Wer hat sie dort eingeschliffen? Und zu welchem Zweck? Urkunden darüber gibt es nicht. Also sucht man nach Vergleichbarem. Fündig wird man in ganz Deutschland und Österreich, ja in halb Europa. Und das nicht nur an Kirchen und Kapellen, sondern auch an Rathäusern – wie in Minden an der Rathauslaube -, an Brücken Stadttoren und anderen Profanbauten, z. B. Prangern. Aber als Erklärung findet man nur anekdotische Evidenz. Der ehemalige hessische Landeskonservator Gottfried Kiesow hat einiges zusammengetragen. Haben hier die heimischen Bauern mangels eigener Schleifsteine ihre Sensen, Äxte und Spaten geschliffen? So etwas ist für die Melsunger Brücke über die Fulda verbürgt. Doch an der Porta gab es Sandstein genug. “Segneten” hier Krieger vor Feldzügen ihre Waffen? So viele adlige Wehrdienstleistende gab es bei uns nicht. Wurden im Gegenteil die Waffen vor dem friedfertigen Kirchgang symbolisch stumpfe gemacht? Aus gleichem Grunde unplausibel. Wurde mit dem Steinmehl, vermischt mit “medizinischen” Tinkturen, der “böse Blick” gebannt oder gar eine Hexe unschädlich gemacht? Das wäre im 17. Jahrhundert nicht unwahrscheinlich gewesen – im Lande eines Dr. Eisenbarth, eines Rattenfängers von Hameln, eines Hexenbürgermeisters von Lemgo und einer Universität Rinteln, die Beweisurkunden über Hexerei ausfertigte. Auch für Barkhausen ist für das Jahr 1651 eine Hexenverbrennung an der Weser nachgewiesen. Oder ging es harmloser zu? Wurde vielleicht durch Funkenschlag in den Schleifrillen rituell das Osterfeuer entzündet und per Fackel zum Holzstapel auf dem Feld gebracht? Auch das schließen die Osterbräuche in unserer Gegend nicht aus. Lauter Fragen und keine eindeutigen Antworten. Vermutlich müssten sie je nach Örtlichkeit verschieden ausfallen. Dem geneigten Leser sei es überlassen, für Barkhausen das Passende herauszufinden.

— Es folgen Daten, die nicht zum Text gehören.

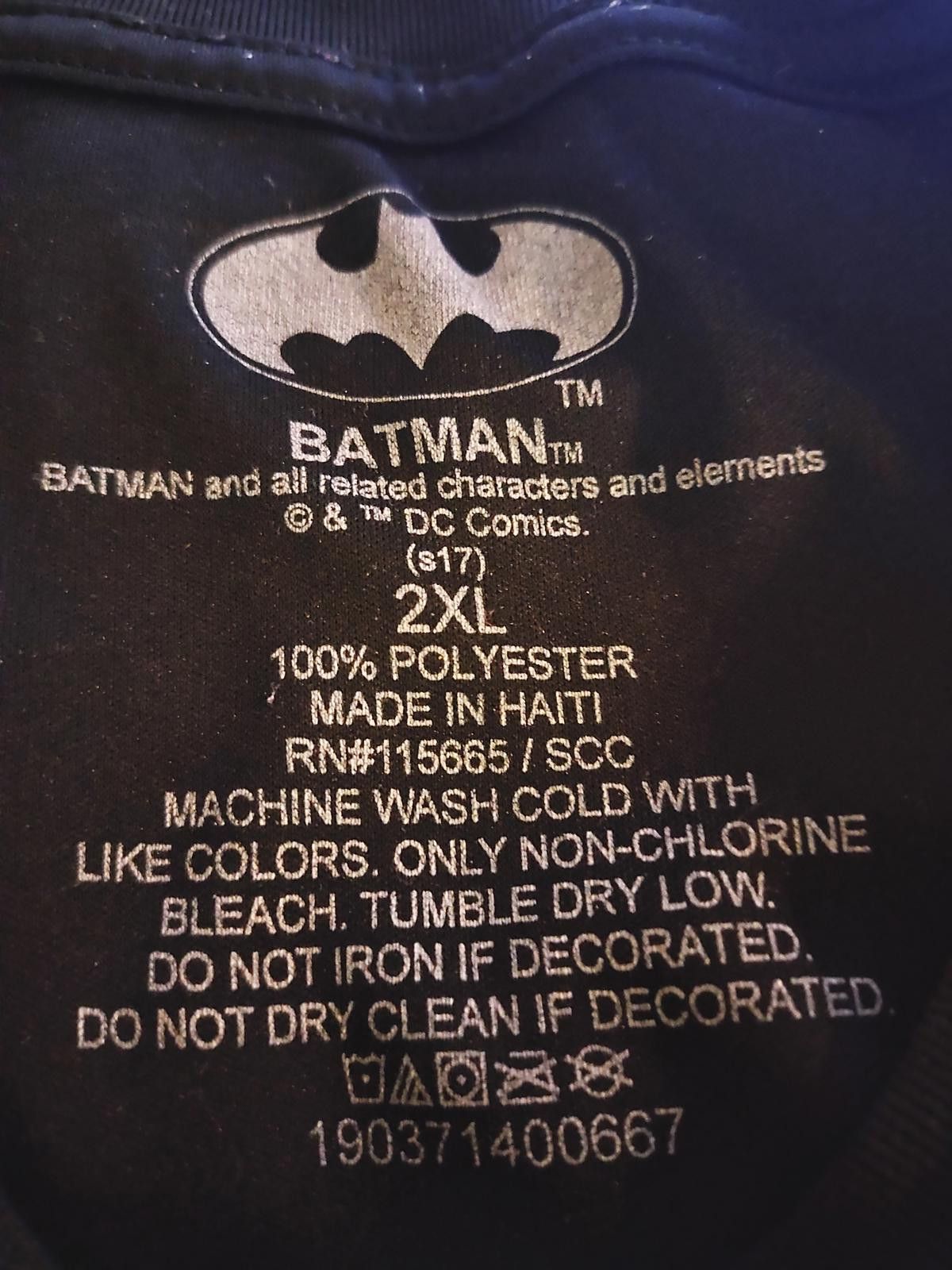 Other Batman Brand Official Dripping Bat Tee Size 2XL Size US XXL / EU 58 / 5 - 6 Thumbnail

Wir wollen uns deshalb von diesem Phänomen an der Kapelle ab- und einem anderen zuwenden. Denn das ist nur auf den ersten Blick rätselhaft. Es geht um ein verrostetes, rundes Gusseisenstück von etwa zehn Zentimeter Durchmesser, mit vorstehendem Wulstring. Nur wenige Zentimeter ragt das Ganze am Ostende der Nordwand in Kniehöhe aus einem Sandsteinblock hervor. Erst die nähere Betrachtung lässt erkennen, dass es sich nicht etwa um das Verschlussstück eines abgeklemmten Wasserrohres handelt. Reste einer verrotteten Inschrift am Wulst liefern Anhaltspunkte, daran anknüpfende von Rolf Graff für das Mindener Tageblatt durchgeführte Internetrecherchen die Erklärung: Dies ist ein markierter Höhenpunkt für die sogenannte “nivellitische Landvermessung” in der königlich-preußischen Provinz Westfalen, die zwischen 1815 und 1918 bestand. Das zwischen 1819 und 1834 mithilfe trigonometrischer Punkte erstellte “Urkataster”, auf dem das Grundsteuergesetz von 1839 beruht, sowie anschließende Kartenwerke hatten das Höhenrelief der Landschaft noch liefern können. Nivellementpunkte wurden erst nach 1871 angelegt und mit den trigonometrischen Flächenpunkten verknüpft. Dies entsprach den Bedürfnissen der Industrie und der Verkehrsinfrastrukturplanung. Die Technikentwicklung ist über den Bedarf an solchen “Bolzen” der Höhenmessung natürlich längst hinweg gegangen..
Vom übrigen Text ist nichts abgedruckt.